● WHAT YOU SHOULD DO
Copy exactly the lines of the records below, starting at the line that contains "Ráno na pláži v Bibione" and continuing through the last line, both included; omit any pictures.

(Pictures with short captions)
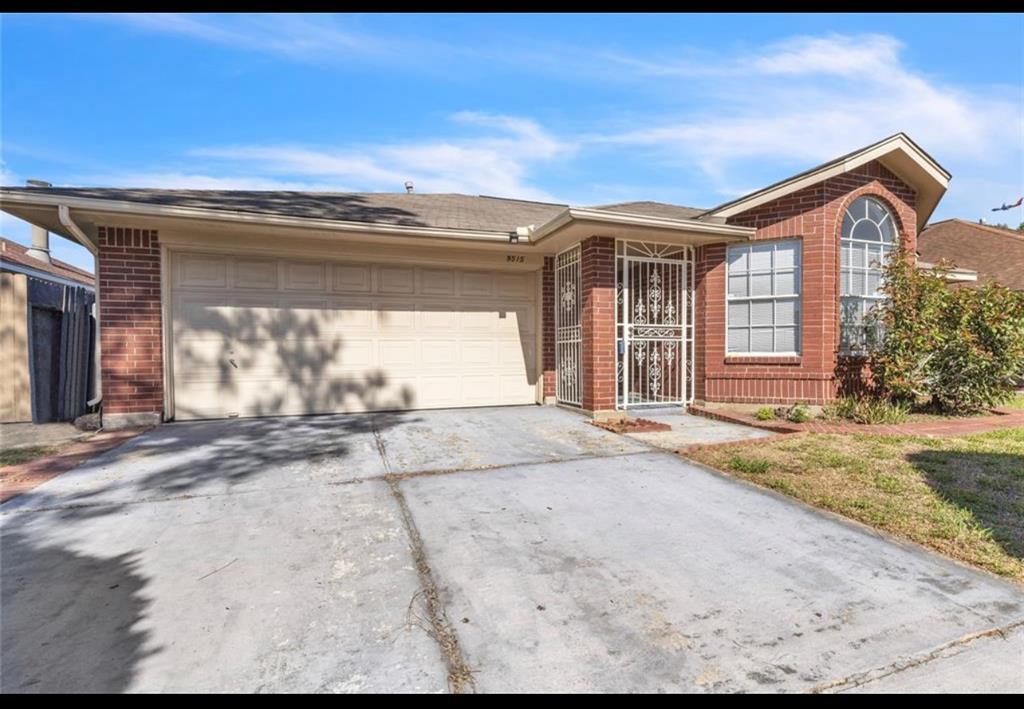 9515 Coast Bridge St, Houston, TX 77075 House Rental in Houston, TX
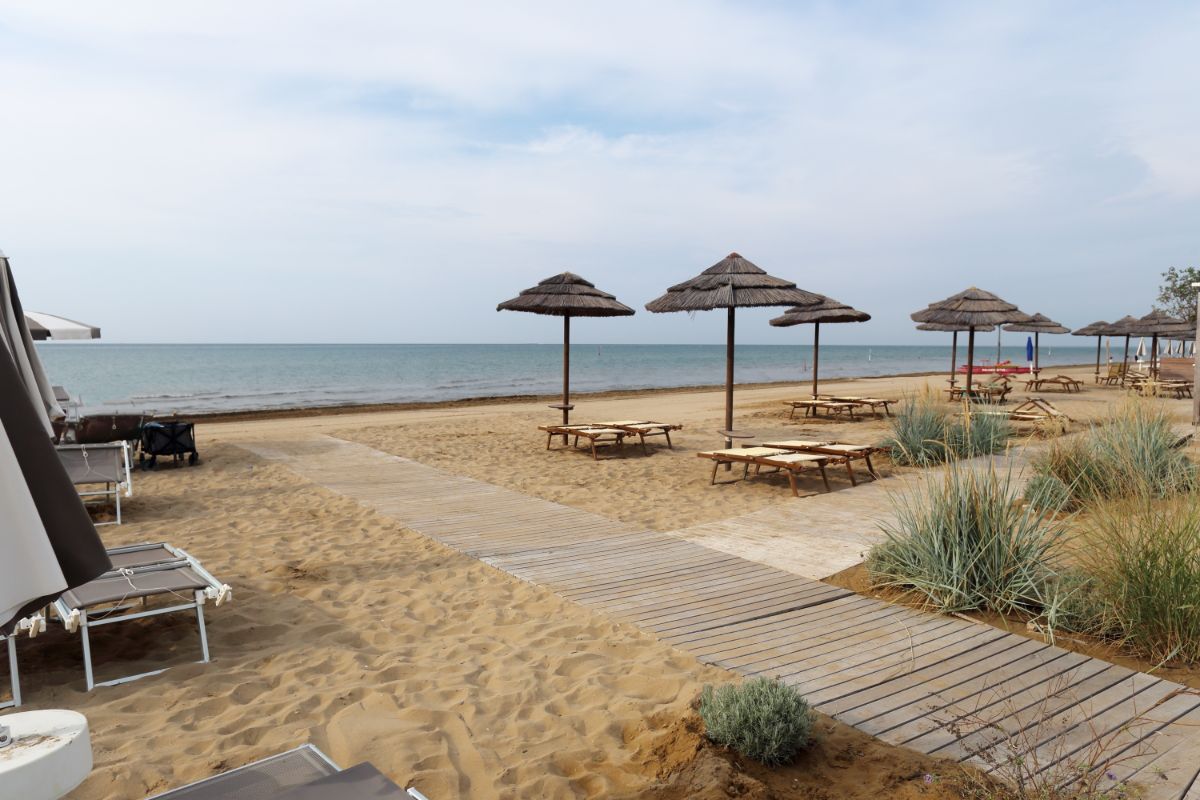 Ráno na pláži v Bibione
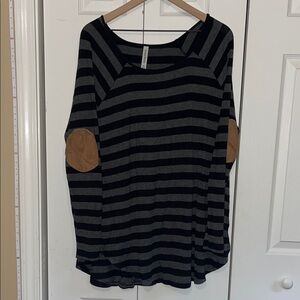 Zenana Outfitters Black and Gray Striped Blouse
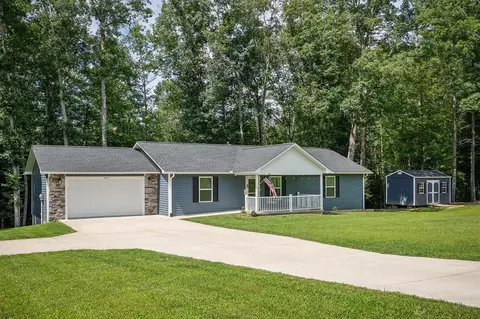 469 Ferry Bend Trl, Crossville, TN 38571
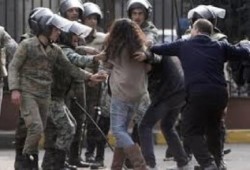 تأجيل محاكمة شرطيين بتهمة التعدي جنسيا على فتاة داخل سيارة نجدة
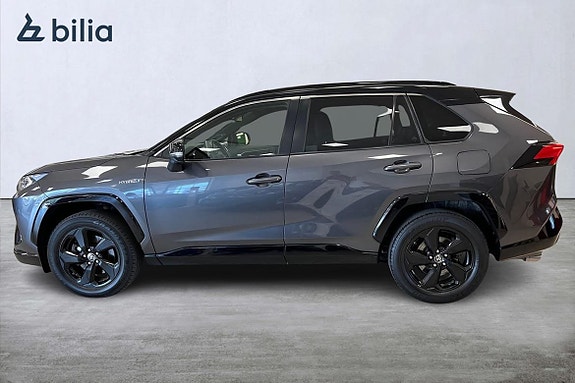 Toyota RAV4 3 of 28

● OUTPUT OF THE EXERCISE
 Ráno na pláži v Bibione
 Zenana Outfitters Black and Gray Striped Blouse
 469 Ferry Bend Trl, Crossville, TN 38571
 تأجيل محاكمة شرطيين بتهمة التعدي جنسيا على فتاة داخل سيارة نجدة
 Toyota RAV4 3 of 28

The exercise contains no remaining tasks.